体長15センチの「吉熊くん」と同居する独身OLの日常生活

「たったひとりのあなたへ~『蟹工船』 小林多喜二の伝言~」

2010年02月24日 23時59分25秒 | Weblog
会社のロビーに生けられた今週の花。
私の大好きなピンク色のガーベラだ。

昼休み、ロビーに設置された自販機に行く際、写メでパチリ☆
そんな私に、他部署のオサーン社員たちは、
「よ!今日も元気そうだね」
などと声を掛けたりする。

喫煙所では先輩紳士がまたもや不思議な煙草を吸ってらした。

先日はカフェオレフレーバーの煙草だった。
レアな煙草…いったいどこで購入するんだろう。


ちょこっと残業をし、帰宅。
NHK歴史秘話ヒストリア」という番組で、小林多喜二が特集されていた。

私が初めて人の遺体を写真で見たのは、社会の教科書に載っていた小林多喜二のものだ。
拷問の末に亡くなった彼の死体を多くの仲間が取り囲んで見ているあの写真。
白黒の悲しい写真だった。

大学時代の夏休み、ゼミのレポート提出にあたって彼の作品「蟹工船」を読むことになった。
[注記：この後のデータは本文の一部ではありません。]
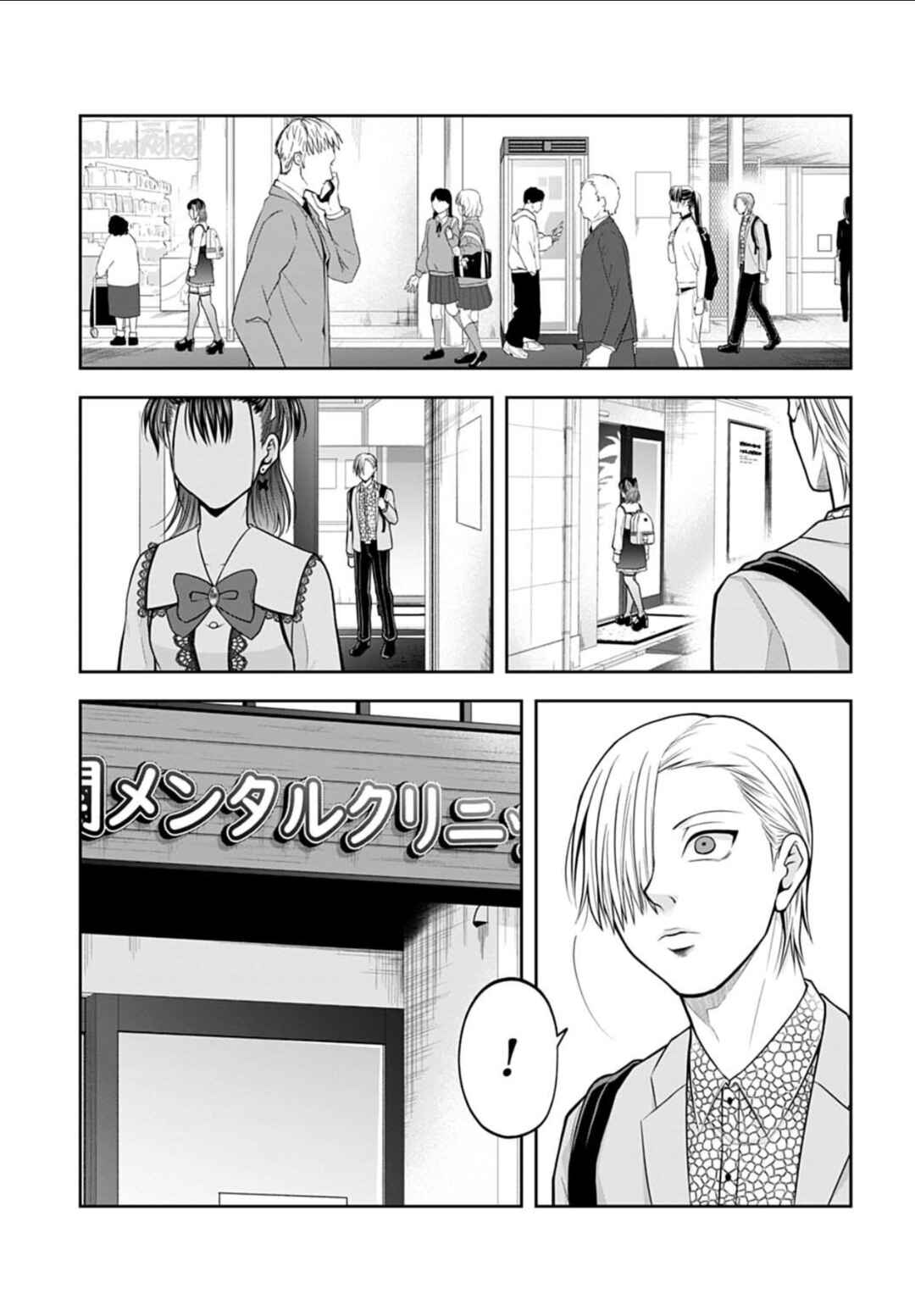 Page 15 Chapter 5 Warui no wa Shakai da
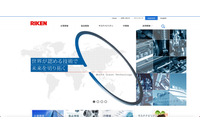 リケンへのランサムウェア攻撃、VPN機器の脆弱性を悪用 画像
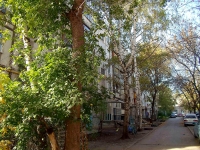 Самара, улица Георгия Димитрова, дом 11. многоквартирный дом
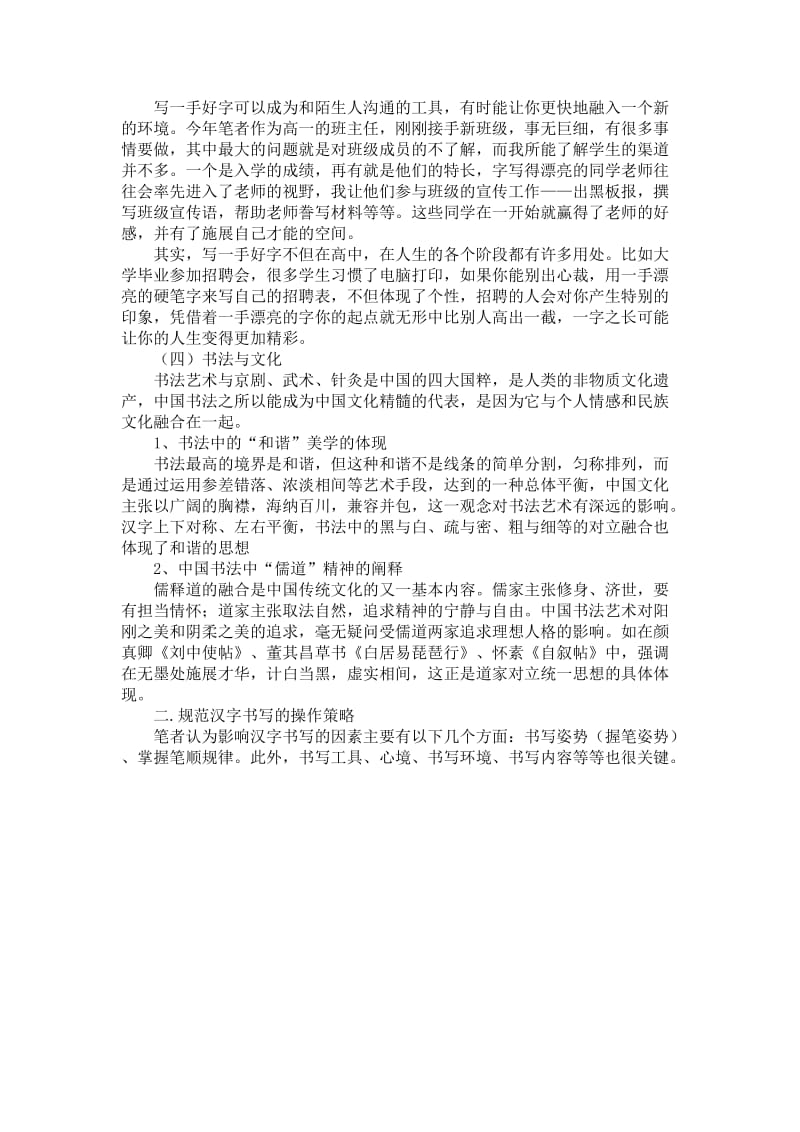 规范汉字书写的意义与策略.docx_第2页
重くて苦しい内容だった。その年の夏はずっと暗いものになってしまったのを覚えている。暫くは家にあるカニの缶詰を見る度に「プロレタリア…」と呟いてしまうぐらい、あの頃、お気楽極楽な学生生活をしていた私には強烈すぎる作品だった。

発表から80年が経過した今、雇用情勢の悪化に伴って「蟹工船」が再びブームになっているらしい。
昨年は映画にもなった。

今日の番組では多喜二の生い立ちから死に至るまでと、今、なぜ「蟹工船」がベストセラーになっているのかということを取上げていた。
思想弾圧の中、自分の主張を曲げることなく社会的弱者を救うために書き続けた多喜二。
酌婦との悲恋話や母子の絆、拓殖銀行のエリートバンカーだったこと、そして社員旅行で楽しそうに写っている多喜二の様子など、大変興味深く観た。そして、号泣。
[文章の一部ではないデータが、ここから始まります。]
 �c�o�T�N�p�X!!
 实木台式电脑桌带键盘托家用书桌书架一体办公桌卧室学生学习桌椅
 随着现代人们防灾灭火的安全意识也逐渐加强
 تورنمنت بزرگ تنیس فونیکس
最近は部長交代があり、だいぶ社風も変わったが、でも自分は会社に宦官されたんだと僅かながらに感じることがある。
社長の言うことは絶対で、「労働者の権利云々なんて考えていません。働けるだけありがたいです」というように、権力に過剰に服従。まるで中国の宦官を施された官吏の精神で働いているところがある。
私に宿っているそんな精神を差し引いても、会社に反旗を翻すことは恐らくこの先、ないと思う。仕事は大変だけれども、ロビーに生けられている花を愛でたり、喫煙所で紫煙をたゆらせながら談笑をする生活が私はやっぱり好きなのだと思う。イヤナコトとイイコトの均衡が上手くとれている毎日だ。給与面では同僚たちと「少ないですよねえ」と話しながら、でも心の中でどこか諦めている。「自分に何ができる?」と自問すると、まあこんなもんかなあ、と。

「蟹工船」を意識せずに生きられることに、感謝せねばならない。